Мы можем дать еще более ясное представление о том значении, которое имела для Гершеля доктрина verae causае, поставив на другую чашу весов его полную противоположность – Уэвелла. Уэвелл, как хорошо известно, представлял собой некую аномалию: он был рационалистом или, если говорить точнее, британским кантианцем (Баттс, 1965), утверждавшим, что в науке можно многого достичь путем логических умозаключений, то есть посредством мышления, а не приобретенного жизненного опыта. По этому пункту Уэвелл расходился с большинством своих собратьев, включая и Гершеля, хотя по многим важным аспектам науки и самой ее природы его взгляды были близки взглядам Гершеля.
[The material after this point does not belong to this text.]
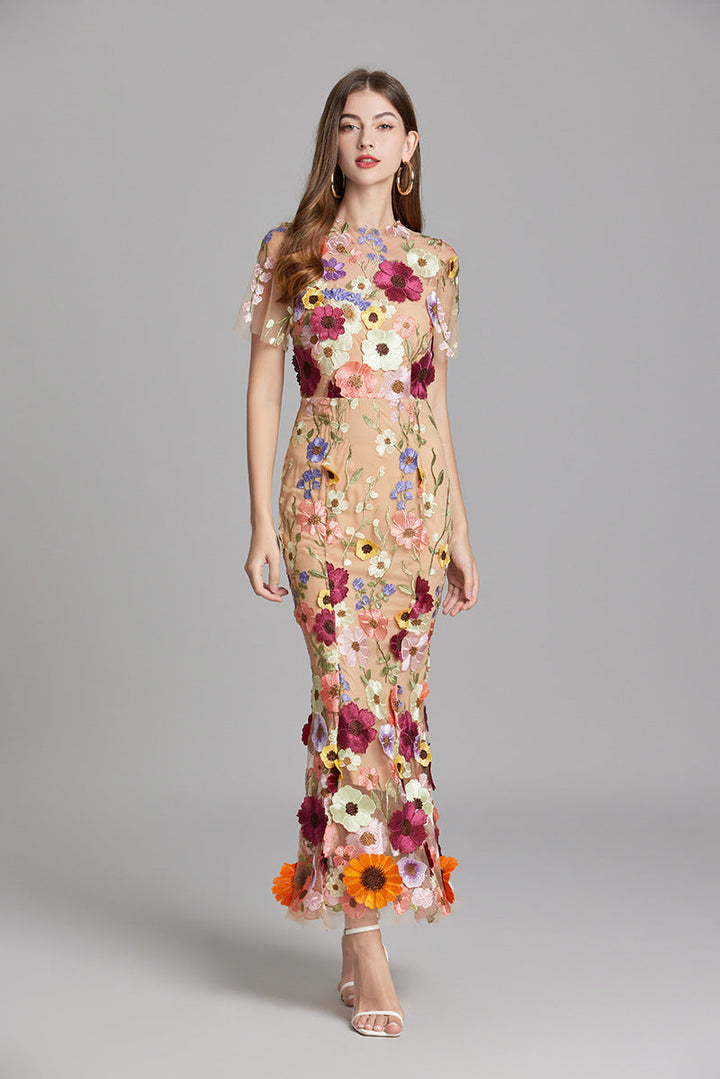 Women's Floral Midi Dress – 3D Appliqué Wedding Guest Dress in Yellow | Invictora.com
Как и Гершель, Уэвелл считал – совершенно в духе Платона – ньютоновскую астрономию идеалом науки; как и Гершель, он поддерживал бэконовско-ньютоновский гипотетико-дедуктивный тезис; и, как Гершель, он ратовал за различие между эмпирическими и каузальными (причинными) законами. Уэвелл говорил о «формальной» и «физической» науке и о «феноменальном» и «причинном» аспектах теорий.
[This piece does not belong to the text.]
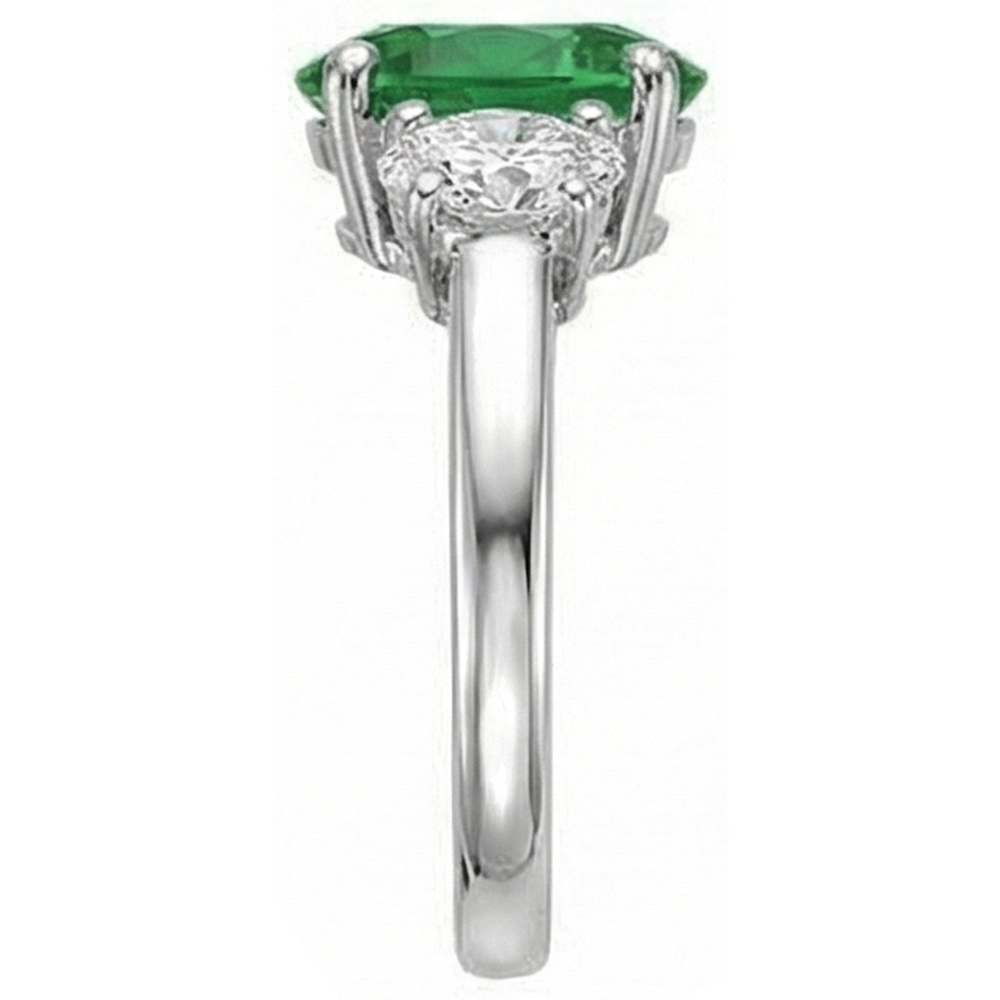 natural oval emerald 6.50ct ring top view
Но в отношении доктрины verae causae Уэвелл решительно разошелся во взглядах с Гершелем, выказав себя более рационалистом (тем, кто обращается к опыту), чем эмпириком (тем, кто этот опыт не приемлет). Уэвелл не отрицал verae causae и их важность. Но он отрицал гершелевскую эмпирическую интерпретацию vera causa, где умозаключения о неизвестном выводятся на основе аналогий, опытным путем, исходя из известного. Уэвелл (1840, 2:442) считал, что такая интерпретация слишком ограничивает любое основывающееся на ней методологическое правило, поскольку «она не позволяет нам искать причину, исключая, пожалуй, лишь те, с которыми мы уже знакомы. Но если мы будем следовать этому правилу, то как мы сведем знакомство с какой-либо новой причиной?» Так как же понимал Уэвелл доктрину verae causae? Свою интерпретацию доктрины Уэвелл связывал с тем, что он называл «непротиворечивостью индукций» (см. Лоден, 1971). В частности, он заявлял, что отличительный признак настоящей науки – а он как раз и есть убедительное доказательство того, что она исходит из истинных аксиом, – это когда различные области науки сводятся воедино и из их сравнительного анализа делается заключение, что в их основе лежат одни и те же принципы. Ньютон создал свою астрономию, когда показал, что движения планет, Солнца, Луны, приливы, отливы и так далее – что все это основывается на одних и тех же принципах. Именно отсюда, заявлял Уэвелл, и проистекает тезис непротиворечивости – гарантия истины, – особенно если некоторые из уже объясненных явлений мы изначально считали несовместимыми со своими принципами или совершенно чуждыми им. Поскольку же объяснения как таковые не «встроены» в гипотезу, а неизбежно подразумевают элемент неожиданности, то нам ничего не остается, как иметь дело с этой реальностью. Более того, всякие причины, наличествующие в изначальных принципах (и только такие причины), заслуживают права называться verae causae, хотя мы, возможно, напрямую их и не постигаем. Критерий здесь только один: verae causae – это то, с помощью чего мы объясняем свой жизненный опыт, а не то, что мы из этого жизненного опыта извлекаем.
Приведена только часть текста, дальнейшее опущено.